Armstrong critical of Biden administration amid ongoing energy crisis

Congressman Kelly Armstrong, R-ND, joined Republican Whip Steve Scalise, R-LA, and House Republican Conference Chair Elise Stefanik, R-NY, to talk about the Biden administration’s energy crisis.

Congressman Kelly Armstrong, R-ND, speaks about the Biden administration’s energy crisis Tuesday, Oct. 26, 2021, alongside Republican Whip Steve Scalise, R-LA, and House Republican Conference Chair Elise Stefanik, R-NY. (Contributed / House Republican Conference)

The worst crash of North Dakota's oil economy in more than two decades began during the summer of 2020, as rising costs of energy production and consumption became heated political topics in Washington. During a press conference this week, Congressman Kelly Armstrong, R-ND, discussed the Biden administration's roll backs of Trump-era policies and stiff regulations aimed at domestic energy sources and highlighted the effects they have on his constituency and the country.

Armstrong joined Republican Whip Steve Scalise, R-LA, and House Republican Conference Chair Elise Stefanik, R-NY, to address the Biden administration’s energy crisis Tuesday during a public conference.

“Make no mistake… this is self-induced,” Armstrong said. “This is created by the Biden administration and you can start from where we started. First day in office, they canceled the Keystone XL Pipeline with our closest trading partner, our neighbor to the north — Canada. Then we move across the Atlantic Ocean and help Vladimir Putin and greenlight Nord Stream. We pass regulations that make it absolutely hostile to develop minerals on federal lands. Then the Biden administration begs OPEC to open the pumps back up. It’s no secret why this is happening and this is before we pass one single thing in this $3.5 trillion reconciliation package.”

Nationally, as of Oct. 25, the average price for fuel reached its highest level in more than 5 years at $3.47 per gallon. In January, national prices for fuel were approximately $2.40 per gallon — a 44.5% increase in 10 months. In April of 2020, gas prices had reached decade lows as averages fell below $1.87 per gallon nationally.

“North Dakota is an energy powerhouse. We have got notice from two of our utilities that people are going to pay upwards of $150 to $200 more for their energy costs this winter,” Armstrong said. “When you say you are not taxing anybody who makes under $400,000 per year, people who are paying $200 more to heat their home in North Dakota in the winter will disagree with you."


Several factors have brought the state's oil production to a near-standstill over the previous 15 months, including a price war between Russia and Saudi Arabia, the coronavirus pandemic, the imposition of a northern border tariff between the United States and Canada and the recent Dakota Access Pipeline ruling.

In a previous Press article , Department of Mineral Resources Director Lynn Helms noted that “the second quarter of 2020 was a five alarm fire for North Dakota's oil industry.”

The crash of 2020 was “significantly worse” than the market crashes of 2015 and 2016, when OPEC producers flooded global oil markets in an attempt to kill the American industry, and about on par with the crash of the late '90s, when offshore oil discoveries cratered global prices and took every drilling rig in North Dakota offline.

According to Armstrong, the Biden administration's implementation of policies structured at creating a greener environment has negatively affected consumerism in the United States.

“You have to be uniquely incompetent.

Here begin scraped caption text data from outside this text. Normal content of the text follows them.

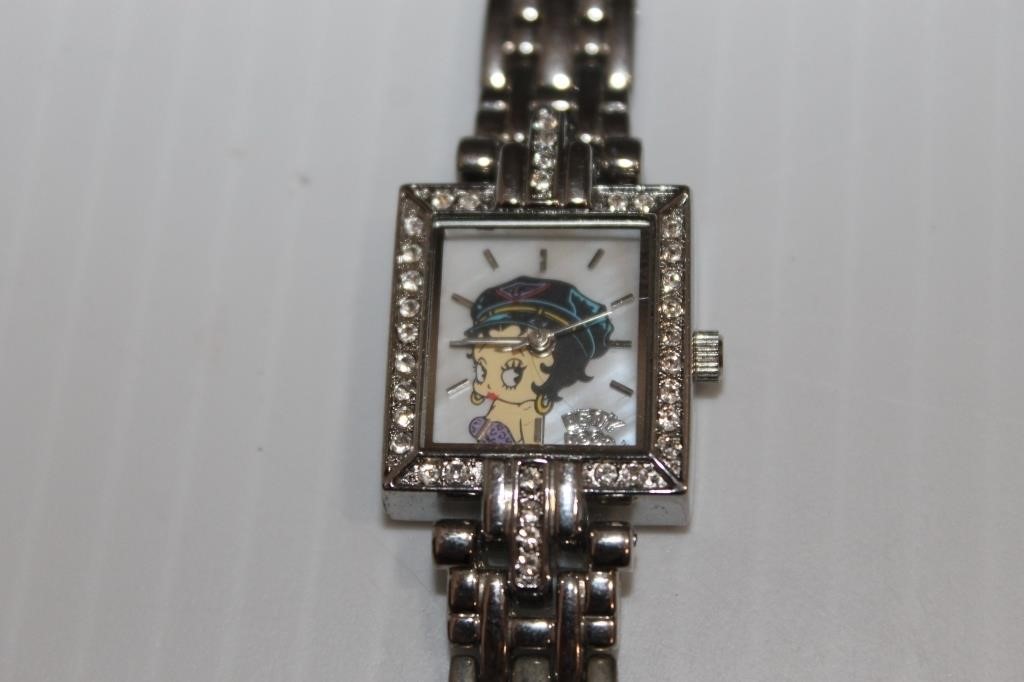 Betty Boop Watch, Working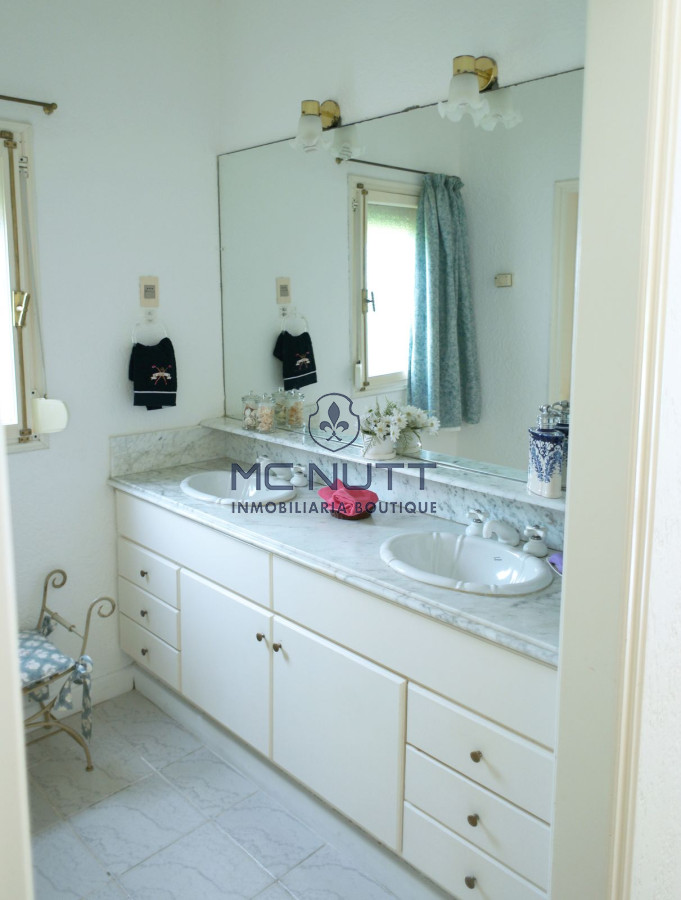 Casa ID.579/ - hermosa casa con todas las comodidades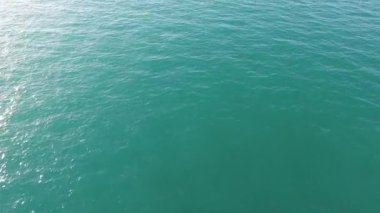 Sakin deniz ve mavi berrak su arka plan. Hisse senedi. Sakin deniz suyu üstten görünüm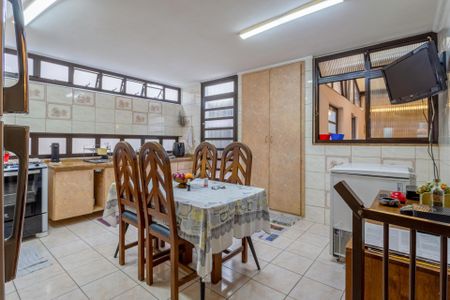 Casa à venda com 360m², 4 quartos e 4 vagas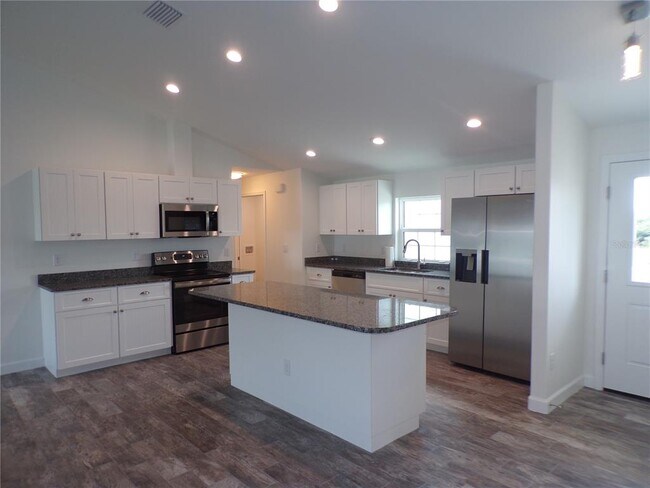 Building Photo - 3308 Port Charlotte Blvd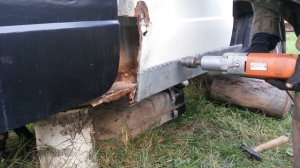 Заклепываю пороги на газели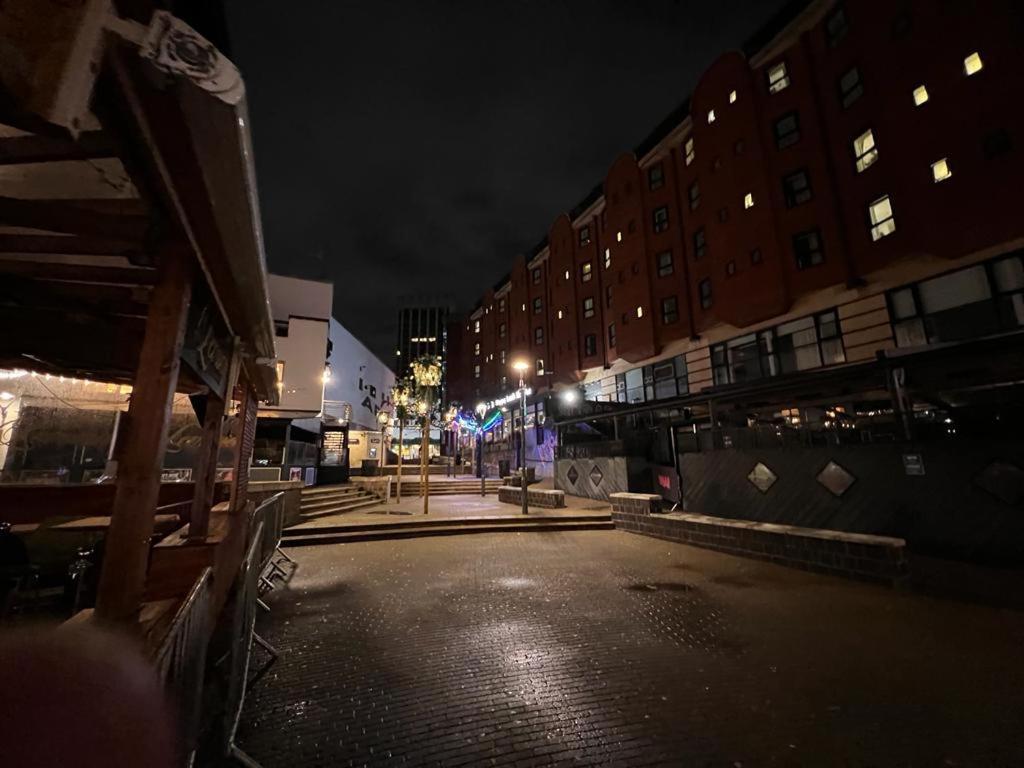 Celaka Birmingham Central Apartment ภายนอก รูปภาพ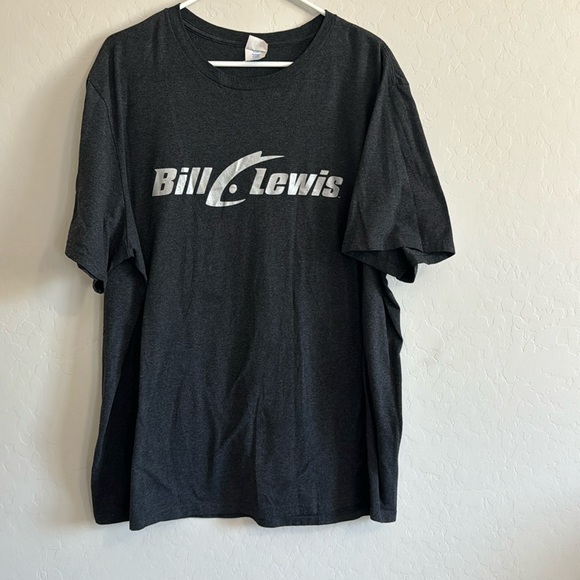 Men’s BILL LEWIS tee ✨$5 items B1G1 FREE!✨ - Picture 1 of 4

This is bad for consumers, it’s bad for domestic energy producers and it’s bad for American workers. We are creating a policy that makes energy more expensive and puts us in a bad competition space on the world stage. It’s that simple. And on top of that, we’re moving toward these unrealistic climate goals that simply cannot be obtained in the time in which they say they do. My concern isn’t that they succeed, because they can’t succeed. My concern is that they fail and when they fail, consumers are going to pay more for energy, American companies and American workers are going to suffer,” he said, adding, “That’s exactly what’s going to happen as this moves forward. We need to talk about it and we need to be honest with the American people about it. Because their costs are going up whether it’s at the pump, or it’s to heat their house or to feed their families, and we’re not spending enough time talking about why that is.”

Jackie Jahfetson is a former reporter for The Dickinson Press.